By an originating summons filed on the 17/8/2000 before the High Court No.3 Effurum, the appellants as plaintiffs claimed against the respondents/defendants as follows:-

(i) Whether as per the Supreme Court judgment in Suit No. SC/220/1992 ANTHONY IDESOH & ORS. Vs. CHIEF PAUL ORDIA & ORS, the plaintiffs herein who are the personal representatives of the Late Chief Paul Ordia, are the DEEMED HOLDER of the statutory right of occupancy in respect of all that piece or parcel of land lying, being and situate at along Udu Road, Koloholo village, Enerhen Effurun covered by the Supreme Court judgment aforesaid the litigation plan filed thereto.

(ii) If the answer to (i) above is in the affirmative, whether the Defendants can validly issue or grant to private individuals for their own private purposes certificate of occupancy in respect of portions of land comprising the entire lands.

Whether the Defendants can or validly do so without a revocation of the rights or the Plaintiffs as Deemed Holders of statutory right of occupancy over same.

(iii) Whether the Defendants or their predecessors in office validly acquired title in the lands aforesaid under any law in force at all material times or whether they could have acquired any valid title there under in view of the Supreme Court judgment.

(iv) Whether (if there is any purported compulsory acquisition of the lands which is denied) the Defendants or their predecessors in office have lost all rights to the lands by reason of putting same for non-public use or purposes.

WHEREFORE the Plaintiffs claim against the Defendants:-

(a) The sum of N200 Million from the Defendants for trespass in that the Defendants without any lawful claim broke, close and entered into the Plaintiffs land in Plaintiffs’ exclusive possession at along Udu Road, Koloholo I village Enerhen Effurun commencing from 1997 and put private tenants/squatters on the lands for private purposes upon which rents are collected by the Defendants, and proceed aimlessly and heedlessly to issue certificate of occupancy to them.
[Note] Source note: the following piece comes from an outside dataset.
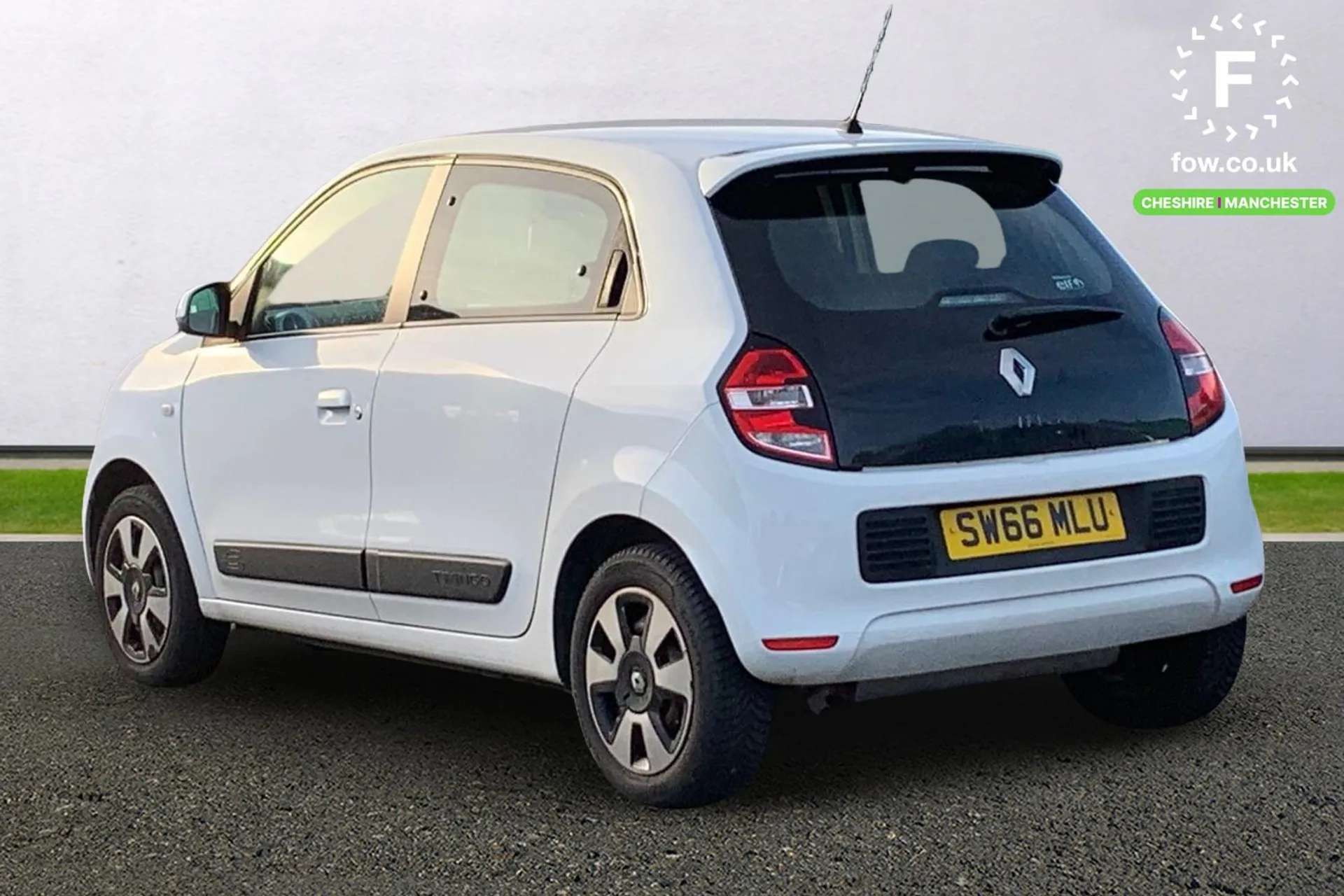 2016 RENAULT TWINGO 2016 RENAULT TWINGO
(b) A DECLARATION that the Defendants or their predecessors in office cannot validly grant certificate of occupancy in respect of the aforesaid lands to any other persons other than the Plaintiffs.
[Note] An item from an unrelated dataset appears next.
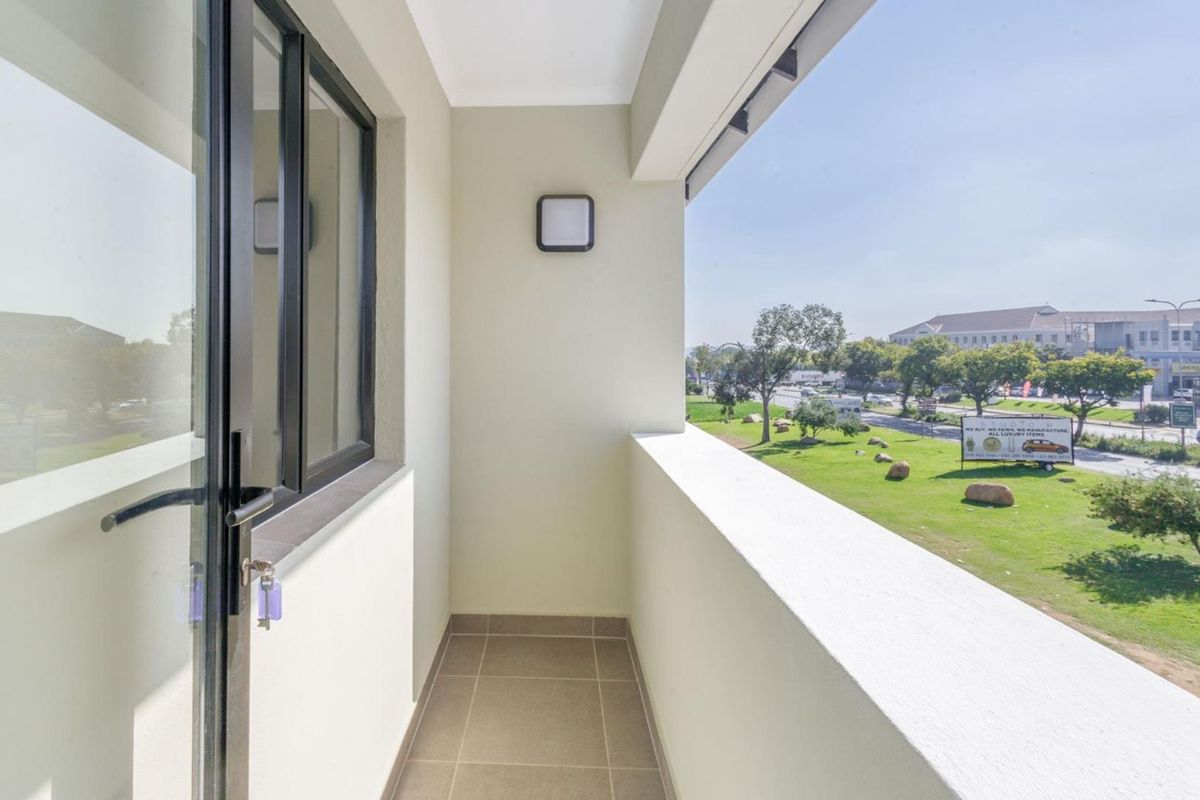 3rd Floor Apartment. New Development. 1st Time Buyers & Buy-To-Let Opportunity. - Photo 2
(c) An order of court commanding the Defendants to surrender in possession of the said lands to the Plaintiffs.

(d) Injunction perpetual restraining the Defendants from further committing trespass in whatever form or manner on the said Plaintiffs’ land.

After filing a counter-affidavit to the originating summons, the Defendants yet filed a Notice of Preliminary Objection challenging the competence of the action as instituted by the plaintiffs before the lower court. The grounds being that the matter being contentious ought not to have been commenced by way of originating summons, and that the action having been commenced 3 months after the cause of action arose is statute barred.

The Preliminary Objection was heard by the lower court and upheld in a considered ruling delivered by the lower court on 8/7/2004 and the originating summons dismissed on the grounds that the action is statute barred. Being dissatisfied the Plaintiffs as appellants have now appealed to this court on four grounds of appeal.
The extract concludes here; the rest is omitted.